While this is not specifically a tax subject it may have tax implications. The reason being that when you move overseas and become a non-resident for tax purposes you are no longer paying the Medicare Levy nor the Medicare Levy Surcharge.

Where this topic may become a tax matter is that when you are qualifying yourself as a non-resident for tax purposes you are essentially saying that you are removing your ties to Australia.

By using the Medicare services, which normally only a Australian resident would do, you are showing that you still have a connection to Australia. If you combine this with other mitigating factors that also show ties to Australia then you may leave yourself open to the impression that you are a resident for tax purposes who is residing overseas.


8. Assuming that a Double Taxation Agreement (DTA) covers everything

Australia has many Double Taxation Agreements (DTA) with countries around the world and each agreement is unique between that particular country and Australia. Where the confusion arises from is if you move to a country that has local and/or state taxes, like the United States for example.

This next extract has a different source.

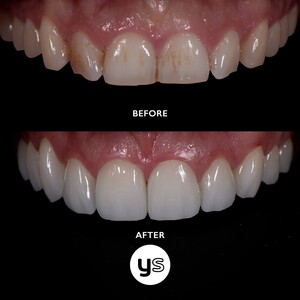 Image of Dental veneers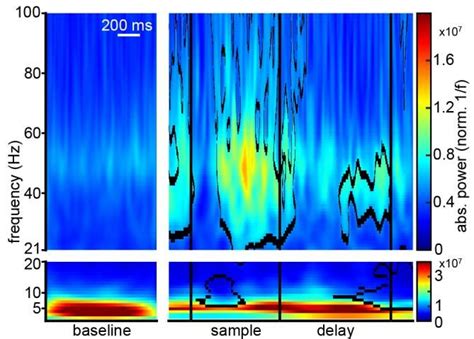 Average time-frequency power of LFP of a single electrode of a single ...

The DTA only extends to the federal level and if you move to a particular state in a country that charges taxes then the DTA may not provide protection.

It always pays to do your research when you are investigating new locations to see if local and state taxes may apply to you.


9. Using the Expat Rumour Mill to Manage Your Financial Affairs

Quite often when we ask a Australian expat why they did something or how they came about to making a particular decision the answer often is that a colleague or friend who is also an Australian expat told them it was okay.

The laws and legislation change so often that what may have been correct 2, 3 or 5 years ago is now outdated advice. To protect your financial well being always do your own homework and if you have questions seek professional expat advice.


10. Don’t Take Financial or Tax Advice from Facebook Groups

The advent of the expat Facebook group has been a massive bonus for Australian expats. You can now ask a question and within hours you will have many responses from other expats trying to help.

Whether it has to do with which schools to send your kids to, what is a nice neighborhood to live in or where you can get some Vegemite to replenish your stocks the expat Facebook group is a veritable treasure trove of information.

However, as we referred to in the previous point, any tax or financial information being provided maybe either incorrect or out of date.

Always do your own homework and ensure that what is being provided is correct. Everyone is trying to help each other but remember that these are your financial affairs.

If a stranger walked up to you on the street and gave you advice would you act on it? In essence this is exactly the same situation.


Remember, the above list of Australian expat tax mistakes is not exhaustive and there are many more that can and do occur. Always seek professional advice when it comes to managing your financial affairs as a expat.